* What is expected
All of the data must be written out verbatim, with pictures excluded.

* Exercise data

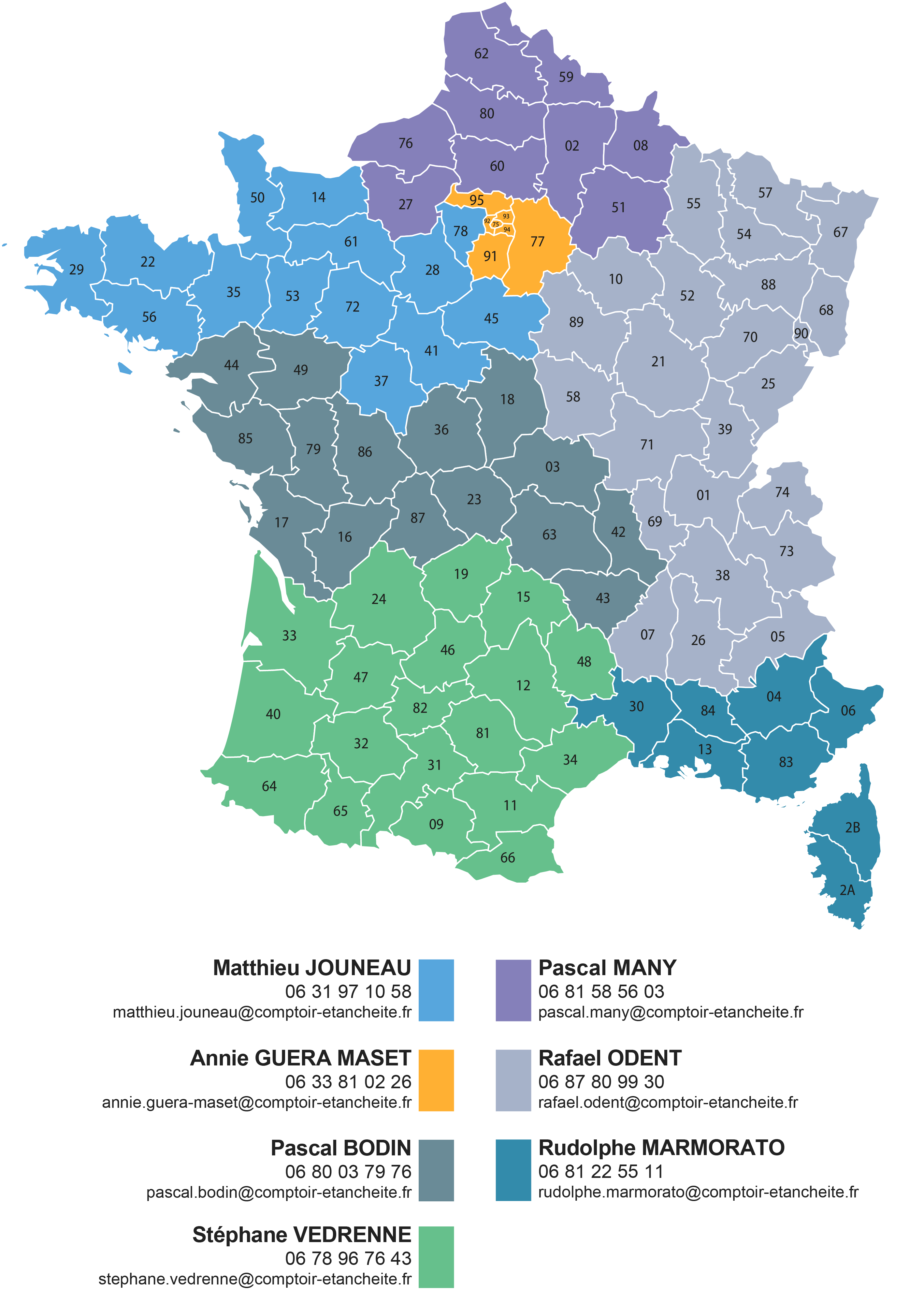 Carte de répartition des commerciaux en France métropolitaine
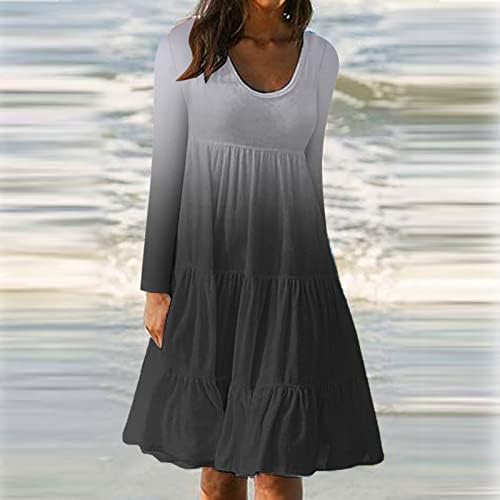 Yubnlvae שמלות קיץ נשים שרוול ארוך בוהו א-ליין שמלת מיני רופפת כושר זורם קפלים שמלות חוף נדנדה סקסיות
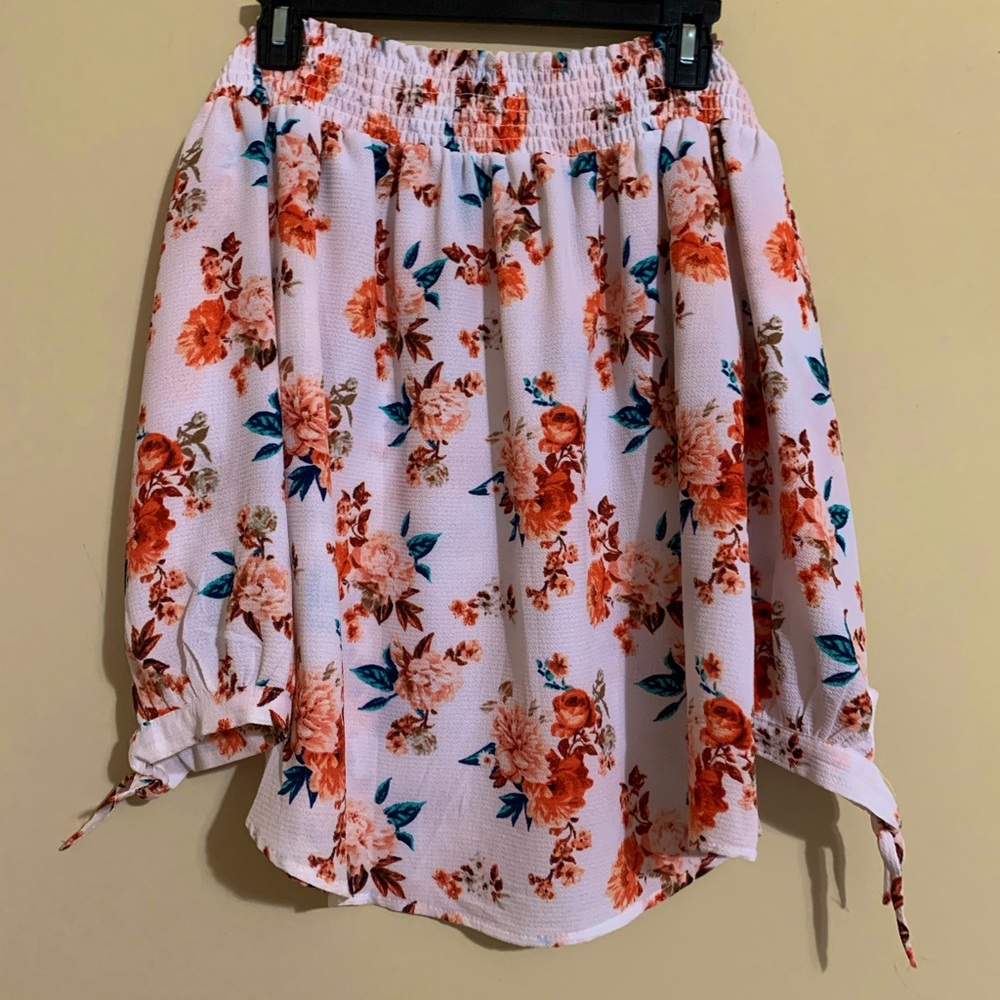 Floral over shoulder top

* The completed task
 Carte de répartition des commerciaux en France métropolitaine
 Yubnlvae שמלות קיץ נשים שרוול ארוך בוהו א-ליין שמלת מיני רופפת כושר זורם קפלים שמלות חוף נדנדה סקסיות
 Floral over shoulder top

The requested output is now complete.